Catalogue des manuscrits cam des bibliothèques françaises

par Christiane Rageau
par P.B. Lafont, Po Dharma et Nara Vija. - École française d'Extrême-Orient, 1977. - 261 p. ; 28 cm. - (Publications de l'École française d'Extrême-Orient ; 114.) Index p. 241-261.

Pratiquement interrompues pendant un demi-siècle, les études cam ont repris vigueur ces dernières années dans le cadre du Centre d'histoire et civilisation de la péninsule indochinoise de la IVe section de l'EPHE (École pratique des hautes études). Un Groupe de recherche cam s'est constitué en 1969 dans son sein et a alors très vite établi un bilan des recherches faites auparavant ainsi que de la documentation existante (publié in Actes du XIXe Congrès international des Orientalistes, Asie du Sud-Est. - Paris, 1977).

Depuis sa création, le Groupe a préparé une bibliographie sur les cam et le Campà qui doit paraître prochainement. Un état de l'épigraphie a été dressé et le fonds des archives royales cam de la Société asiatique commence à être dépouillé. Quant aux manuscrits - précisons qu'il n'existe pas d'imprimés - aucun recensement n'en avait jamais été fait. Préalablement à la rédaction même des notices, et compte tenu de l'ampleur du projet de recherche, le Groupe a mis au point un système de translittération de l'écriture cam valable pour le cam ancien, celui des inscriptions, le cam moyen et le cam moderne, celui des manuscrits (publié in BEFEO, Tome LXIV, p. 243-255 sous le titre « Essai de translittération raisonnée du cam »).

En ce qui concerne l'inventaire des manuscrits se trouvant en France, le Groupe a repéré cinq collections dans des institutions parisiennes. Ces cinq fonds sont décrits, ce qui n'exclut pas le fait que des manuscrits isolés puissent encore se trouver, non identifiés, dans des bibliothèques municipales ou privées.
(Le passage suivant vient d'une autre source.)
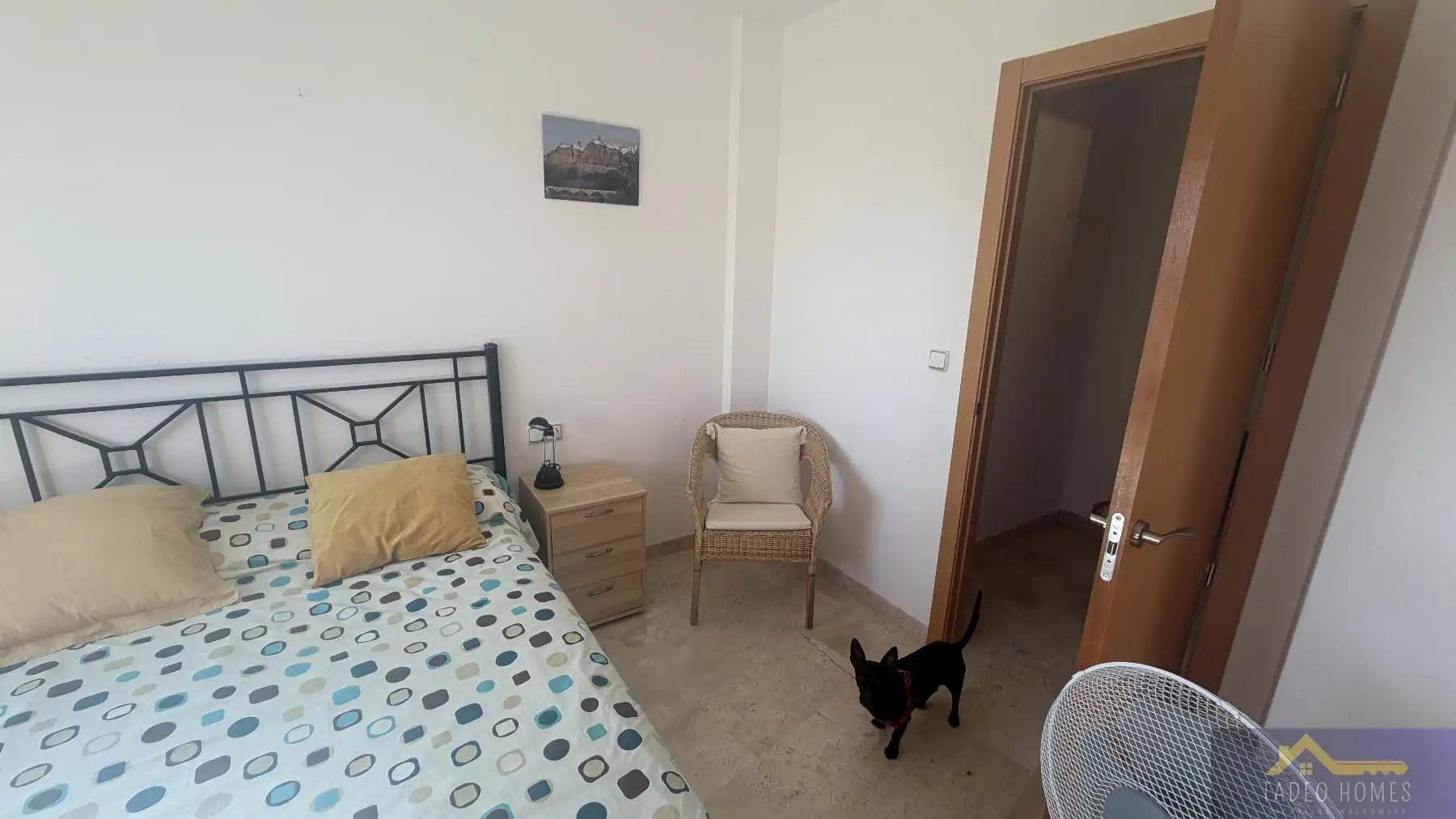 Pis de 80 m² a Múrcia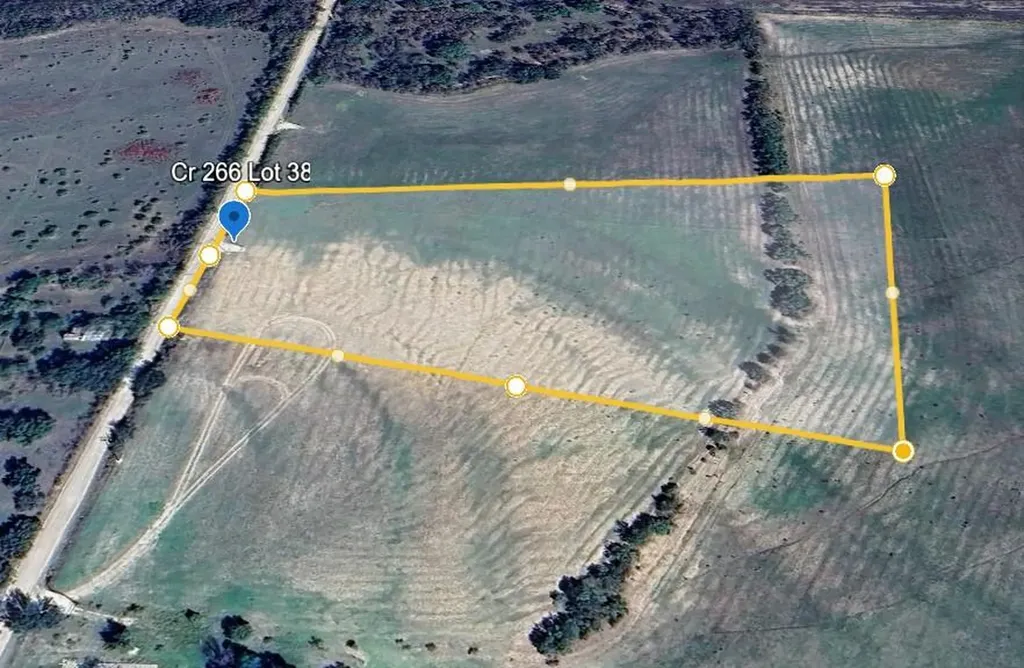 O County Road 266 Comanche TX 76455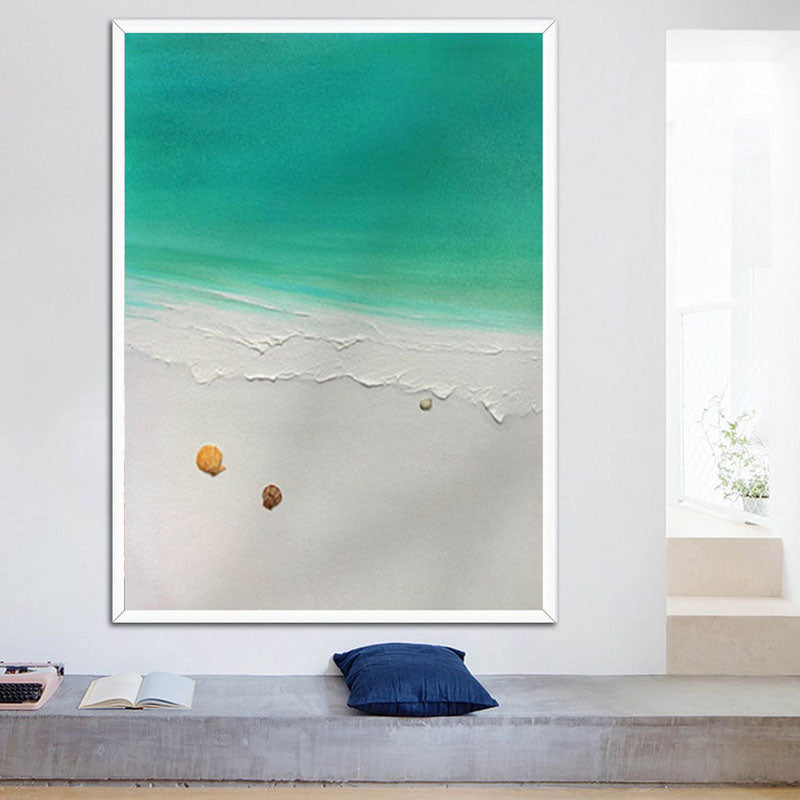 Teal Shores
Au total, 347 pièces sont analysées. Elles sont conservées à l'EFEO (École française d'Extrême-Orient), la Société asiatique, les Missions étrangères de Paris, le Centre d'histoire et civilisation de la péninsule indochinoise et la Bibliothèque nationale. L'importance de ce chiffre a étonné les spécialistes.

Que contiennent ces textes, comment se présentent-ils, d'où viennent-ils ? Il faut d'abord se souvenir que le Campà, royaume indianisé attesté dès la fin du IIe siècle (après J.-C.) par les textes chinois, exista sur la côte de l'actuel centre Vietnam avant de disparaître peu à peu sous les assauts des Vietnamiens descendant vers le Sud. Aujourd'hui, il reste de ce pays des vestiges archéologiques comportant des inscriptions en cam et en sanskrit et surtout trois groupes humains. Le premier de ces groupes, le plus important, est installé au Vietnam dans la province de Thuân Hai. Un second groupe se trouve un peu plus à l'ouest, dans la région de Châu Dôc. Le troisième vivait au Cambodge, non loin de Phnom-Penh. Sur le plan religieux, la majorité de cette population est islamisée bien qu'un certain nombre, en particulier au Vietnam, pratiquent encore une religion qu'ils qualifient de brahmanique.

On était persuadé, jusqu'à ces dernières années, que la plupart des manuscrits cam avaient disparu avec la perte de l'indépendance du Campà. C'est pourquoi aucune étude sur cette littérature n'a jamais été tentée. En fait, il n'en est rien. Des manuscrits, soit sur feuilles de palmier gravées au poinçon, soit sur papier dit chinois noté à l'aide d'une encre locale, sont conservés et jalousement dissimulés aux curieux dans les villages cam. Des orientalistes comme P. Mus, E.M. Durand ou G. Moussay ont recueilli une partie importante des collections conservées en France. Néanmoins, il faut noter que les manuscrits originaux sont relativement peu nombreux « ce qui est normal, précisent les auteurs, car un véritable chercheur ne dépouille pas, même par achat, un détenteur de textes, car ceux-ci, fondement de la culture locale, doivent rester au sein du groupe qui les a conçus et qui les utilise ».

La volonté de grouper dans un volume unique tous les manuscrits cam se trouvant en France doit être saluée ici. Sans remettre en question l'originalité de chacun des fonds décrits séparément, les auteurs de ce travail ont réussi à mettre à la disposition des chercheurs un ensemble de documents très variés, abordant les aspects les plus divers de la culture cam. Un très intéressant index par matières - à côté d'un index des noms - donne sa cohérence à l'ensemble et en fait l'outil documentaire que les auteurs ont véritablement souhaité réaliser.